Creative writing (A215)
This course takes a student-centred approach to creative writing, offering a range of strategies to help you develop as a writer, and encouraging you to value your own resources of memory, observation and voice. The emphasis is highly practical, with exercises and activities designed to ignite and sustain the writing impulse.

Start writing family history (A173)
This 12 week online course helps you interpret and write about family history. Using sources from different historical periods, you will investigate the changing nature of the family and write about your own family history examining the ways in which the past is remembered and represented.

Start writing for the internet (A171)
Technology for communicating on the internet is developing swiftly. New possibilities and ways of accessing and displaying information create new demands on writers. This course helps you improve your writing for the internet and become a more effective communicator, whether writing emails or web pages. Through exercises and activities, it teaches the principle that communicating effectively on the internet requires sensitivity to the reader and to the special demands of the medium. This course neither assumes nor teaches knowledge of any technological aspects of web design. This is a twelve-week course.

Start writing essays (A172)
Returning to study or coming to it for the first time can be daunting. Many students are frightened of writing essays. This short online course helps you to build confidence through diagnosis of your strengths and weaknesses, analysis of what makes a good essay, structured exercises, practice and feedback. It is ideal for anyone embarking on Open University study in any subject that requires essays. It is also suitable for all other students who want to improve their essay writing. You will receive feedback on your writing and have the opportunity to interact with other students and your tutor in an online conference. This is a twelve-week course.

Approaching Literature (A210)
How do we work out what a text means? How does a play move from page to performance? Study of a variety of texts will give you knowledge and skills with which to tackle such questions.
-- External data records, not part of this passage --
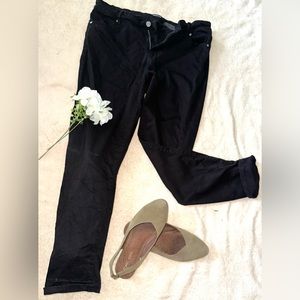Old Navy High Rise Straight Black Jean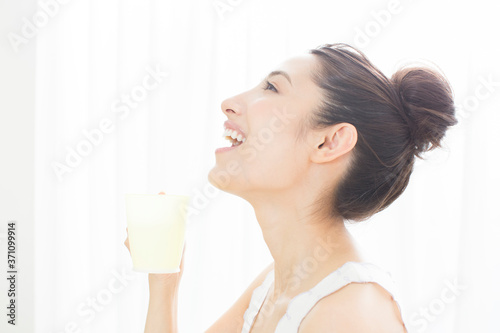 Photos うがいをする女性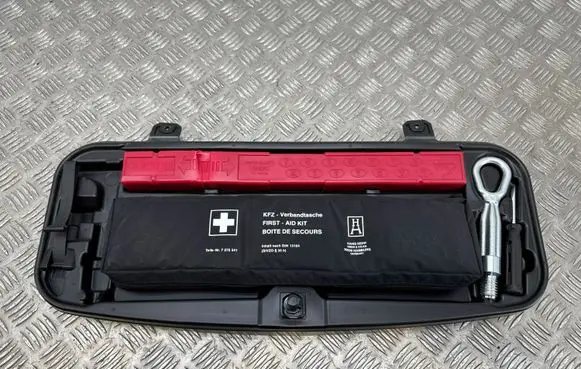 BMW 5 F10 F11 Tool set 6780121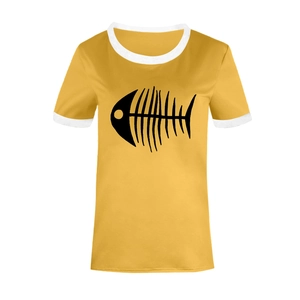 Détail d'un t-shirt ringer jaune gingembre avec imprimé graphique d'arête de poisson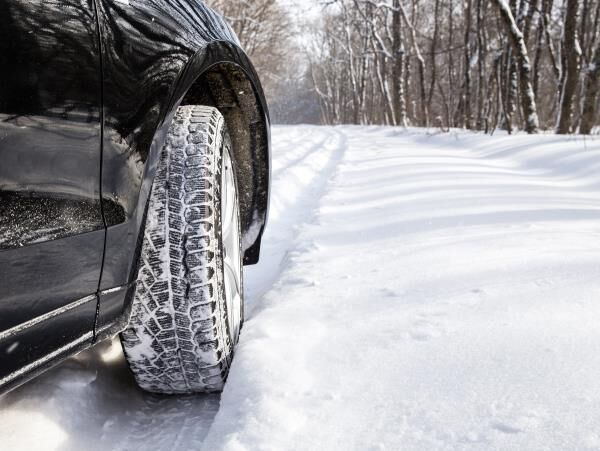 Driving in a Winter Wonderland: 5 Safety Tips
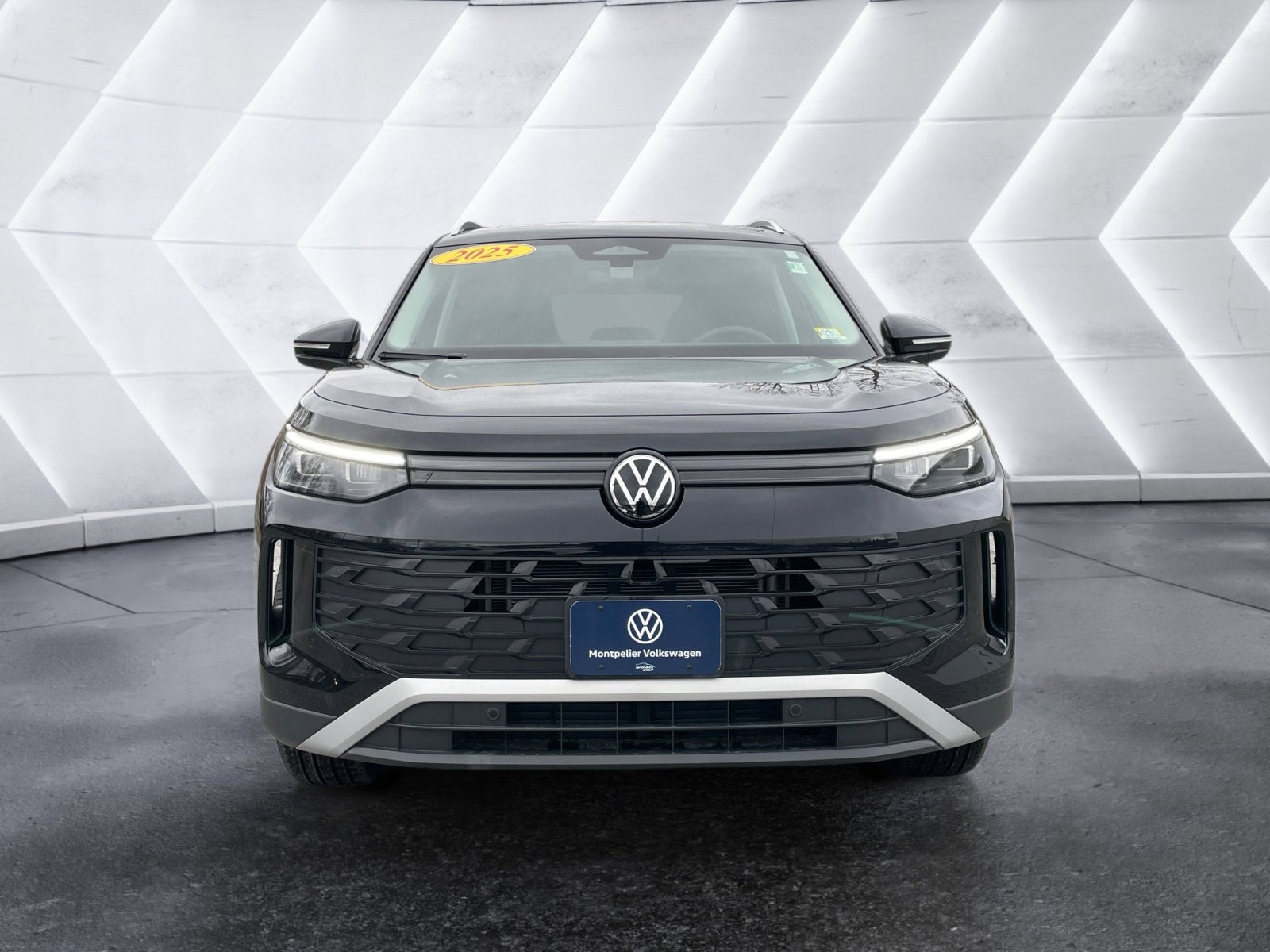 2025 Volkswagen Tiguan SE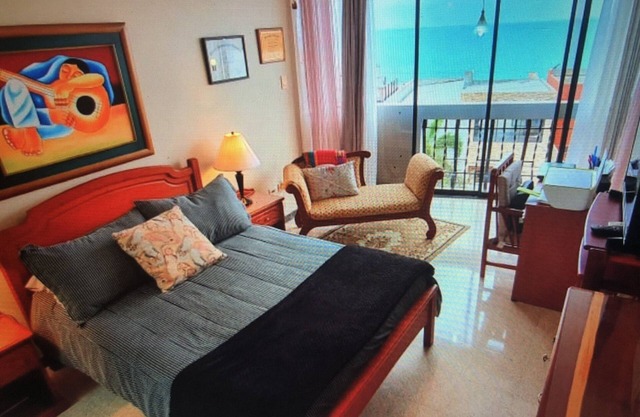 Best location in Salinas, beachfront location near to bars and restaurants.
In The realist novel you study four well-known nineteenth-century novels. Romantic writings sets some of the greatest English poetry in its political and cultural context. Then, through writers such as Louisa May Alcott, Alice Walker and Henrik Ibsen, you explore the relationship between Literature and gender. In Shakespeare, Aphra Behn and the canon, Shakespeare is studied alongside the first important woman playwright.

Introduction to humanities (A103)
You will get from this course a lively and varied grounding in the eight disciplines in the Arts Faculty: art history, literature, music, philosophy, classical studies, history, religious studies, and history of science. The subjects are introduced in attractive case studies combined with multidisciplinary sections on the French Revolution and the 1960s. The course will help you to express yourself more clearly and develop the reading, analysis and interpretation skills you need before moving on to more specialised courses at Level 2. It is not necessary to have studied in this area before.